Gangliosides play an important role in the organization of CD82-enriched microdomains.

Four-transmembrane-domain proteins of the tetraspanin superfamily are the organizers of specific microdomains at the membrane [TERMs (tetraspanin-enriched microdomains)] that incorporate various transmembrane receptors and modulate their activities. The structural aspects of the organization of TERM are poorly understood. In the present study, we investigated the role of gangliosides in the assembly and stability of TERM. We demonstrated that inhibition of the glycosphingolipid biosynthetic pathway with specific inhibitors of glucosylceramide synthase [NB-DGJ (N-butyldeoxygalactonojirimycin) and PPMP (D-threo-1-phenyl-2-hexadecanoylamino-3-morpholino-1-propanol.HCl)] resulted in specific weakening of the interactions involving tetraspanin CD82. Furthermore, ectopic expression of the plasma-membrane-bound sialidase Neu3 in mammary epithelial cells also affected stability of the complexes containing CD82: its association with tetraspanin CD151 was decreased, but the association with EGFR [EGF (epidermal growth factor) receptor] was enhanced. The destabilization of the CD82-containing complexes upon ganglioside depletion correlated with the re-distribution of the proteins within plasma membrane.
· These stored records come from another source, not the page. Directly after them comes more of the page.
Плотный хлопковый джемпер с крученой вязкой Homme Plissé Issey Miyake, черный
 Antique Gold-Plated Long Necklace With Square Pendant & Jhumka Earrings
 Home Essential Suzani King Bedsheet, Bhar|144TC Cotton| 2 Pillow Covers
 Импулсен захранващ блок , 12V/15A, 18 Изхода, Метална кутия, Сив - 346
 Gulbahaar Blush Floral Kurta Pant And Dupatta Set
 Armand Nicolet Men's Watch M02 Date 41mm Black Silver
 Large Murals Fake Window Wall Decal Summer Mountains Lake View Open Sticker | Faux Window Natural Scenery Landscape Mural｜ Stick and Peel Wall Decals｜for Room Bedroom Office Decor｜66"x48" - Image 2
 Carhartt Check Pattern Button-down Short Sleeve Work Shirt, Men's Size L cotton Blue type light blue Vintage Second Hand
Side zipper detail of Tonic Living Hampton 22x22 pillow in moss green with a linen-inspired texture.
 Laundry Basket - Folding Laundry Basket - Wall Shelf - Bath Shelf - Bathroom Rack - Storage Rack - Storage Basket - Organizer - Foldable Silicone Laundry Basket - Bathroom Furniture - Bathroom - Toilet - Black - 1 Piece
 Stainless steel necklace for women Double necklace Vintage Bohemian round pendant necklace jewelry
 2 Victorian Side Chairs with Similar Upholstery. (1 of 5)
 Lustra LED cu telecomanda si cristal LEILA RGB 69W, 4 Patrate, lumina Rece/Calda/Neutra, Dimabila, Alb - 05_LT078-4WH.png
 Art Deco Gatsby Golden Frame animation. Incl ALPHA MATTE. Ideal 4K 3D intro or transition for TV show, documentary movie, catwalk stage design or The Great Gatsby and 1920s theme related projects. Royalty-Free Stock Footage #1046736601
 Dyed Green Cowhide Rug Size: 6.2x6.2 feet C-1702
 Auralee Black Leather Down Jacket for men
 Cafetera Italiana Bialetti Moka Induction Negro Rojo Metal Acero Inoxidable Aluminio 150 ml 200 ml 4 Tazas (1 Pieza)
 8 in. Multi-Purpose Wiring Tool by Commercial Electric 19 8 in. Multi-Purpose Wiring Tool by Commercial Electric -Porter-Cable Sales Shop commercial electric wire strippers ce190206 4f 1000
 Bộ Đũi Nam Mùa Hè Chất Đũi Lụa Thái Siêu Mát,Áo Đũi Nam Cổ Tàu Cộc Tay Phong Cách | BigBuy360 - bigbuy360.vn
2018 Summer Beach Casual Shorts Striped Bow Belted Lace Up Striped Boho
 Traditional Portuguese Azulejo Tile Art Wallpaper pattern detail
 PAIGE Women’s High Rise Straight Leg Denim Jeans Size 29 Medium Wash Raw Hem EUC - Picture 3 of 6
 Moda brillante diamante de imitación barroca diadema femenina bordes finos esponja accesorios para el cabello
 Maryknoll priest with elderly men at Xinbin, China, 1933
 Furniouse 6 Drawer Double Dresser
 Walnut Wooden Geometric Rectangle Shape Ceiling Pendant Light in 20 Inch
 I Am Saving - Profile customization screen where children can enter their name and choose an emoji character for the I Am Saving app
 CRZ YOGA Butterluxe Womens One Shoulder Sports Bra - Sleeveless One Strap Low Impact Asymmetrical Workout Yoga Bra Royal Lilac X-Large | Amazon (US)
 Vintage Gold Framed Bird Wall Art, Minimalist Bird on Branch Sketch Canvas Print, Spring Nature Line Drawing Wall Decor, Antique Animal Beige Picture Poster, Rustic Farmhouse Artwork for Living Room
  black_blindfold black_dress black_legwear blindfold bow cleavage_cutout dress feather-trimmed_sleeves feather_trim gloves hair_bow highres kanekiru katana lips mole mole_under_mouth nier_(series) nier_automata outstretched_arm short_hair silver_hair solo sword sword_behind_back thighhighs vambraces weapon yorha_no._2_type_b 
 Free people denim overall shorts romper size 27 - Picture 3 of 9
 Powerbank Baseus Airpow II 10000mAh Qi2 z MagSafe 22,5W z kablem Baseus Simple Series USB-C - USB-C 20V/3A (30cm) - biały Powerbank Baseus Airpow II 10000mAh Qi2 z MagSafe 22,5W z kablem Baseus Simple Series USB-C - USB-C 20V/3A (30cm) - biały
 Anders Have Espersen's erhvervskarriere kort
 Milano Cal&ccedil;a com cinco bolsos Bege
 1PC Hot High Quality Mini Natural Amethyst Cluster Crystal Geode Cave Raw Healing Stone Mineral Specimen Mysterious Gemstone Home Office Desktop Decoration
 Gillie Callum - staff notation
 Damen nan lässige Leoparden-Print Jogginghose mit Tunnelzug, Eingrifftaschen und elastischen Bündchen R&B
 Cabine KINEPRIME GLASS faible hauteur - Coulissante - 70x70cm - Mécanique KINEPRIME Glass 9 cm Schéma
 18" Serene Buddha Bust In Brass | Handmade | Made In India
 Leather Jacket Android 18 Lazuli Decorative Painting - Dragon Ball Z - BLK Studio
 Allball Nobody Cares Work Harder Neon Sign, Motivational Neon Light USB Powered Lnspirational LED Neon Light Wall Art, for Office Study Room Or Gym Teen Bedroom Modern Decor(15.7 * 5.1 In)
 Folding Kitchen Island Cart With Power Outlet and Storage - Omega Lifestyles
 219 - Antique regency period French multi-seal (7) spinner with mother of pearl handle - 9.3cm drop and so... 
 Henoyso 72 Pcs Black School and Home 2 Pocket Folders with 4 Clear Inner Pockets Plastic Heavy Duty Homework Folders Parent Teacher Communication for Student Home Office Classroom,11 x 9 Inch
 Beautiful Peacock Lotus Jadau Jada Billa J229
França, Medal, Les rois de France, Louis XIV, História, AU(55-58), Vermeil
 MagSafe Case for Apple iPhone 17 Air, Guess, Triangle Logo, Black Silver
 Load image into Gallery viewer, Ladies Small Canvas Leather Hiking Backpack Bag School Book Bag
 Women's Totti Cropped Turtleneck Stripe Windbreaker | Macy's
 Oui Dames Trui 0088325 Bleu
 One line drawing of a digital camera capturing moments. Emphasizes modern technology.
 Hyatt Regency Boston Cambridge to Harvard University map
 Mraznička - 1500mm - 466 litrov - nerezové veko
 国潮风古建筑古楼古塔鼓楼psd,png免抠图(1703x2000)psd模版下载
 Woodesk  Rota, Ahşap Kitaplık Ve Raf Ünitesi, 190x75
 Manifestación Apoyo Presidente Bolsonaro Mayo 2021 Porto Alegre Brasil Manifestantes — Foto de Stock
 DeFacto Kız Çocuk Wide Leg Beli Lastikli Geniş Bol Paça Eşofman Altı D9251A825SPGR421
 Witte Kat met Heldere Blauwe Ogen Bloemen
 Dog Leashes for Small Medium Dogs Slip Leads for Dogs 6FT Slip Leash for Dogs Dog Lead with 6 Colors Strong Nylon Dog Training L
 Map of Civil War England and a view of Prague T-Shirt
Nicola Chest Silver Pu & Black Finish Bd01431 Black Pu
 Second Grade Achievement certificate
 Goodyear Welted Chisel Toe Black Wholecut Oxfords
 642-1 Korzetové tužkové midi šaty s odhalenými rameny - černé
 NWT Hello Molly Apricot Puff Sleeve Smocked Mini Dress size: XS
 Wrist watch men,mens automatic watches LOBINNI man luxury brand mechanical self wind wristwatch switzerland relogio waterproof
Importantly, depletion of gangliosides affected EGF-induced signalling only in the presence of CD82. Taken together, our results provide strong evidence that gangliosides play an important role in supporting the integrity of CD82-enriched microdomains. Furthermore, these results demonstrate that the association between different tetraspanins in TERM is controlled by distinct mechanisms and identify Neu3 as a first physiological regulator of the integrity of these microdomains.